While a strong performance by Cruz in Iowa would be a death knell for his evangelical rivals, the establishment-minded candidates in the field will have every reason to stick around for another eight days until New Hampshire’s more moderate voters have their say. While Marco Rubio has emerged as the most likely establishment alternative to Trump and Cruz, this group still has legitimate reasons to believe Rubio will stumble, given his lackluster ground game and ongoing failure to turn his strong debate performances and establishment support into a polling lead. Bush, Kasich, and Christie, meanwhile, aren’t all that far behind Rubio in the polls. The newly anointed one is sitting in a tie with Cruz at 12.0 percent in RealClearPolitics’ rolling New Hampshire average. Meanwhile, Christie’s at 11.3 percent, Bush is at 8.0 percent, and Kasich is at 7.7 percent.
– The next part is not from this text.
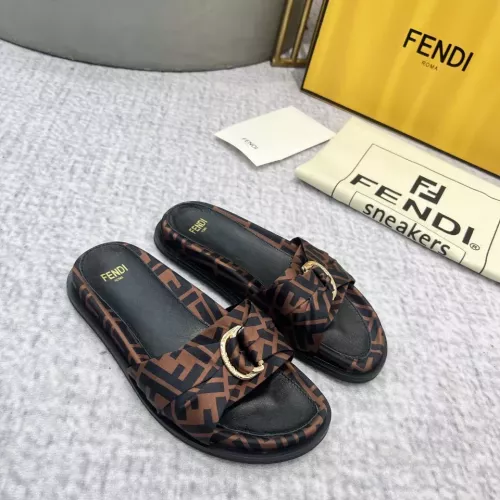 Replica Fendi Slippers For Women #1305366 $85.00 USD for Wholesale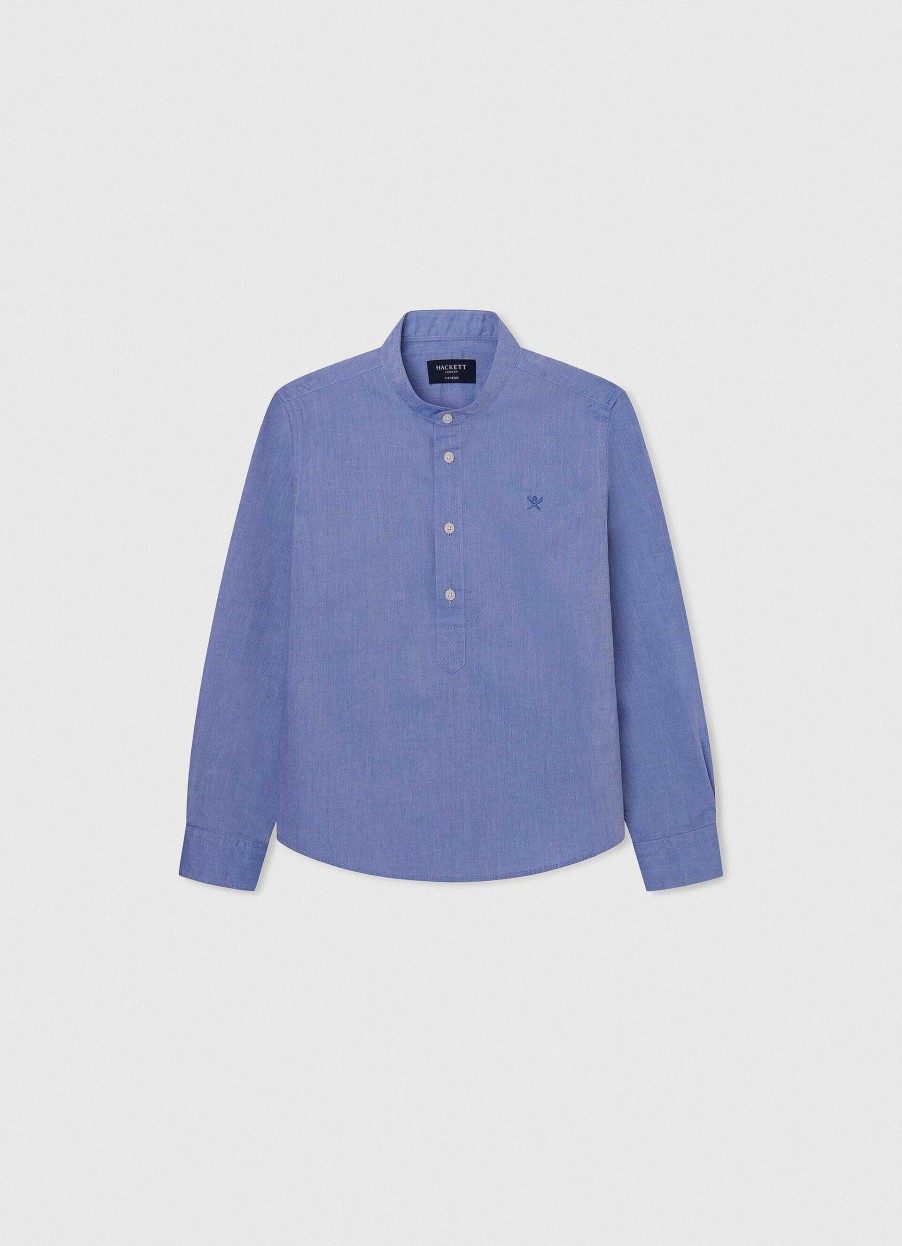 Gutter Hackett London | Classic Fit Chambray-Skjorte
Prediction: If Rubio wins New Hampshire—or even just bests his establishment rivals by a considerable margin—the GOP powerbrokers will start leaning on these candidates to drop out so the party can rally around the Florida senator. Fiorina and Kasich would likely heed those calls without much of a fight. Christie, though, is on the upswing and could use a solid performance to justify fighting on. Bush has the super PAC cash and the family to stick around as long he wants.

Don’t Ask Me: Donald Trump

Prediction: If Trump fails to win either Iowa or New Hampshire, it’s hard to imagine his winners-win-and-losers-lose ego would be able to survive. At the same time, it’s equally difficult to imagine that same ego would allow the Donald to admit defeat.